* **Dataset extract**:
● ● ● ●
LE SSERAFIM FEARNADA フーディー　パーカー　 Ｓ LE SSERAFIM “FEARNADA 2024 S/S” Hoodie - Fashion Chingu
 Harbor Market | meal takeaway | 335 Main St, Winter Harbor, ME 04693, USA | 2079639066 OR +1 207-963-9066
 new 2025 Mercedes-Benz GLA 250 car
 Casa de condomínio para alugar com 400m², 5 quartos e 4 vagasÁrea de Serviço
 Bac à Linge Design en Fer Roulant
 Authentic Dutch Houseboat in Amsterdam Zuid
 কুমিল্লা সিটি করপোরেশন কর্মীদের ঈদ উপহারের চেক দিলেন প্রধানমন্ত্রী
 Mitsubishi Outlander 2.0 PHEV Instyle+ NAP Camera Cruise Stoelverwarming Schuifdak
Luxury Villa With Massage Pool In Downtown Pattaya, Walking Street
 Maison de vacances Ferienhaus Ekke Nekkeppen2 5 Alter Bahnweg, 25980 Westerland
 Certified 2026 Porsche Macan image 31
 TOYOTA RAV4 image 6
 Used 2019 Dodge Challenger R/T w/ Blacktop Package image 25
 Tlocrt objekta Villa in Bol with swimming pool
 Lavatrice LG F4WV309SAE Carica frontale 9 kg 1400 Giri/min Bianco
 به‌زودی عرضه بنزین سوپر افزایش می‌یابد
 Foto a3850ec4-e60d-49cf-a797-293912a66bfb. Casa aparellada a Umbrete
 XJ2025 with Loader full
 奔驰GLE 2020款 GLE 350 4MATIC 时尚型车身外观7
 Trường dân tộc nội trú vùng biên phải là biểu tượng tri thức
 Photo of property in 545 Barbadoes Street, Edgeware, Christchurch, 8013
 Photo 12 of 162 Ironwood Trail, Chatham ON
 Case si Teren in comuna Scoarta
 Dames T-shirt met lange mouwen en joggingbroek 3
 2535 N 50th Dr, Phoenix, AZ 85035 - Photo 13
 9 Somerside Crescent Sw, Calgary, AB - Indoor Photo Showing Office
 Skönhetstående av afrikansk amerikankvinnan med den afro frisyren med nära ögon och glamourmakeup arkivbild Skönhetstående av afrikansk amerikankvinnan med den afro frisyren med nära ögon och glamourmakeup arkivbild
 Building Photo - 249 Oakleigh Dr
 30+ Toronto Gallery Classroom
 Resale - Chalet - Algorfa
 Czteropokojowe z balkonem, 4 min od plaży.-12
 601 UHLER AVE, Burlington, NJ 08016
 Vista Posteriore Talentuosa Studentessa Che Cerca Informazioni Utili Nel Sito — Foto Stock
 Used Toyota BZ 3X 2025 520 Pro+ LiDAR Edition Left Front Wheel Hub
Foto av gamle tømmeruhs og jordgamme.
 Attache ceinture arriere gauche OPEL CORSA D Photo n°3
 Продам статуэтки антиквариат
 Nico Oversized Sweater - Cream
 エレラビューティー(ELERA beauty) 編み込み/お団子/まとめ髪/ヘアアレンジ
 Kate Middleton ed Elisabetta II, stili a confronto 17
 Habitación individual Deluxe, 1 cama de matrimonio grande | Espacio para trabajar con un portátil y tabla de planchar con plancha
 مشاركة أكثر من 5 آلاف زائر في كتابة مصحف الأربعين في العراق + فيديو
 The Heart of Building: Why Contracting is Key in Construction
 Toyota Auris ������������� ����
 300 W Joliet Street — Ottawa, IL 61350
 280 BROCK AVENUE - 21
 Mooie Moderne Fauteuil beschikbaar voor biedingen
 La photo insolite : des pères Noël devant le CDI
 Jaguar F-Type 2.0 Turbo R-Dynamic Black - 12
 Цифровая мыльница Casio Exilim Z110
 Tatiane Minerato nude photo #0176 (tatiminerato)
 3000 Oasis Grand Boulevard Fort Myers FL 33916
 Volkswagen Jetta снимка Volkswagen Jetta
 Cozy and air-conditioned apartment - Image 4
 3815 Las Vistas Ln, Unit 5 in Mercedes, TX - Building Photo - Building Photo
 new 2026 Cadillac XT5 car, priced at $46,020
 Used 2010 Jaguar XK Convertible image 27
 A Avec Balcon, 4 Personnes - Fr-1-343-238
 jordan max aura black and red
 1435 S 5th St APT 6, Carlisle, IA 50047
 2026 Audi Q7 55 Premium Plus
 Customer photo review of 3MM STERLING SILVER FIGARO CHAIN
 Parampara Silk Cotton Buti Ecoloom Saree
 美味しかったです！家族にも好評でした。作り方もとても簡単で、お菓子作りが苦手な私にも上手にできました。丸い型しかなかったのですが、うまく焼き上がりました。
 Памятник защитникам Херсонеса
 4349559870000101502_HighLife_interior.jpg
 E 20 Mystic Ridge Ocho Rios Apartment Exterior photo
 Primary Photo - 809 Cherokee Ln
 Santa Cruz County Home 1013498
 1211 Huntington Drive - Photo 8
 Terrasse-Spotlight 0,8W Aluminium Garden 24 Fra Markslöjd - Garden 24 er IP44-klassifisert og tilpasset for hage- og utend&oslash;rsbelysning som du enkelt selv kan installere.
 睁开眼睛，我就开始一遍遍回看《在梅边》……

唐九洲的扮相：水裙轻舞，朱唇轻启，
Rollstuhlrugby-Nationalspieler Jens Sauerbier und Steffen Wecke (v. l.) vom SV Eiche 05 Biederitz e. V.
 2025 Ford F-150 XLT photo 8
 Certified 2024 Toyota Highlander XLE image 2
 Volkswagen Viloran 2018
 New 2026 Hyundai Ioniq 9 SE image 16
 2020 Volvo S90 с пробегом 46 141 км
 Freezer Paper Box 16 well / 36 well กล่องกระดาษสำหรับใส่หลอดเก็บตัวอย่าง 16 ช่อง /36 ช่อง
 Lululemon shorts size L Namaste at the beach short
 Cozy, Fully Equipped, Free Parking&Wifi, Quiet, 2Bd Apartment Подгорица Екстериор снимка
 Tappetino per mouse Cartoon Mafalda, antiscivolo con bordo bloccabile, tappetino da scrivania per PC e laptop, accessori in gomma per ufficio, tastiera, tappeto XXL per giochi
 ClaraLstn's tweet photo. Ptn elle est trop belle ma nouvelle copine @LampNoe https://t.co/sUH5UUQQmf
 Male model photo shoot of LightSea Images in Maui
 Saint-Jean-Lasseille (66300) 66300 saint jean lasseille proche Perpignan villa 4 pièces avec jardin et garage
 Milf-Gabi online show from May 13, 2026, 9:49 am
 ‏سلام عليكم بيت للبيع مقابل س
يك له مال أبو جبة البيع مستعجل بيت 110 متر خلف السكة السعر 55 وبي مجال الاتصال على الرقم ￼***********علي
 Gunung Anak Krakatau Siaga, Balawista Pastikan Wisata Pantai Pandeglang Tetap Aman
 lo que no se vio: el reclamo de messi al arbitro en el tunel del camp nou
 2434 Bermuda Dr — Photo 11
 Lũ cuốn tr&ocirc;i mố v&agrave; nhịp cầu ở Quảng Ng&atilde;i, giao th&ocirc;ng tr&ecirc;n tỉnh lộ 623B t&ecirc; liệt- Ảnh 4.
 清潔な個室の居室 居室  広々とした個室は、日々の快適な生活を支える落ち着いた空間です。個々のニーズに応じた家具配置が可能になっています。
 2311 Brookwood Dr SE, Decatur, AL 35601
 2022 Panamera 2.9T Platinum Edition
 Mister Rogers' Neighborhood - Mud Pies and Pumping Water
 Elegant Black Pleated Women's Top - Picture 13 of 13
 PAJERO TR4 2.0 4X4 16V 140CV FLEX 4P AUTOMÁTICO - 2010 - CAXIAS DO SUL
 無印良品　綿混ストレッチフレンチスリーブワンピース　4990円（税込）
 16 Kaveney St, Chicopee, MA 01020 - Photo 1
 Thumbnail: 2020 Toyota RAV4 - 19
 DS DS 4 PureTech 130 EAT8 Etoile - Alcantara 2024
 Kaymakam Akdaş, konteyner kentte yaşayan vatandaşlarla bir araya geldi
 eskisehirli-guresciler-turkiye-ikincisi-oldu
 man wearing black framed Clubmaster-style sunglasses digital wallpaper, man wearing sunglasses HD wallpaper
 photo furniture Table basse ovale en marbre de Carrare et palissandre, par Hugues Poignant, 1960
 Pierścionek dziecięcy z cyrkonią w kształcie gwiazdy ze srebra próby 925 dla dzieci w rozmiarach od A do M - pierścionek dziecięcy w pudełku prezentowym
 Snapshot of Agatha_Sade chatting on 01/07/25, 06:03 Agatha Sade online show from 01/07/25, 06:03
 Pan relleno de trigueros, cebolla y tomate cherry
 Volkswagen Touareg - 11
● ● ● ●
In the listing above, locate the line containing "glamourmakeup arkivbild Skönhetstående" and the line containing "601 UHLER AVE, Burlington, NJ 08016". Extract those two lines and every line between them, exactly as written, and only those.

* **Completed exercise**:
 Skönhetstående av afrikansk amerikankvinnan med den afro frisyren med nära ögon och glamourmakeup arkivbild Skönhetstående av afrikansk amerikankvinnan med den afro frisyren med nära ögon och glamourmakeup arkivbild
 Building Photo - 249 Oakleigh Dr
 30+ Toronto Gallery Classroom
 Resale - Chalet - Algorfa
 Czteropokojowe z balkonem, 4 min od plaży.-12
 601 UHLER AVE, Burlington, NJ 08016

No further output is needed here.